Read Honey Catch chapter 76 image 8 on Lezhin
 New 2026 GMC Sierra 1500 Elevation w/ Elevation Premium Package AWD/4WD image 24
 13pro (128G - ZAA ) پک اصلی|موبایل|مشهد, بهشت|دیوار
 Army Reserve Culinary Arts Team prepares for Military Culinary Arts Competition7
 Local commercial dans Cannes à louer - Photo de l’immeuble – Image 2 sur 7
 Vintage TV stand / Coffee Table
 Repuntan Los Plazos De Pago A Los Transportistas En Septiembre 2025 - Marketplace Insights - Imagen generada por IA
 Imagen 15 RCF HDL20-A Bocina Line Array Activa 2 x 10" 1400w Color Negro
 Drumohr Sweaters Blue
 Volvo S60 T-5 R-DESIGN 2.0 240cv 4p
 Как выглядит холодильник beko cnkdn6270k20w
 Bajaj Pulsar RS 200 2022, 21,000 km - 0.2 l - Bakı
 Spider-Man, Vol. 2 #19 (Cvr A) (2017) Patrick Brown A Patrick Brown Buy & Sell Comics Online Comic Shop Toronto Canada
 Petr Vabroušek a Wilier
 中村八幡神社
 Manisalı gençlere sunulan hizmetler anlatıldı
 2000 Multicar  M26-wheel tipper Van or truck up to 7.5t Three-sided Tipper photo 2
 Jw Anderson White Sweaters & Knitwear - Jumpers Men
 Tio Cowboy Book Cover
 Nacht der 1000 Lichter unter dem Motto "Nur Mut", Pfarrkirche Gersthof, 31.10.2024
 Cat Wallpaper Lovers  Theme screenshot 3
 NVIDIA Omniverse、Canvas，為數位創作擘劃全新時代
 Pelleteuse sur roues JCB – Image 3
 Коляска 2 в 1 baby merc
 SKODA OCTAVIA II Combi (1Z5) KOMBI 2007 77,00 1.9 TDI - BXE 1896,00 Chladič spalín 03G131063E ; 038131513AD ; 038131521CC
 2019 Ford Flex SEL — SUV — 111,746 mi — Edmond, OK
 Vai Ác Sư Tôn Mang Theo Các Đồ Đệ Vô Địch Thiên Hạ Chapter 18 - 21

§ **TASK GOAL**: Go through the material above and copy each line that has the word "Imagen".

§ **REPLY TO THE TASK**:
 Repuntan Los Plazos De Pago A Los Transportistas En Septiembre 2025 - Marketplace Insights - Imagen generada por IA
 Imagen 15 RCF HDL20-A Bocina Line Array Activa 2 x 10" 1400w Color Negro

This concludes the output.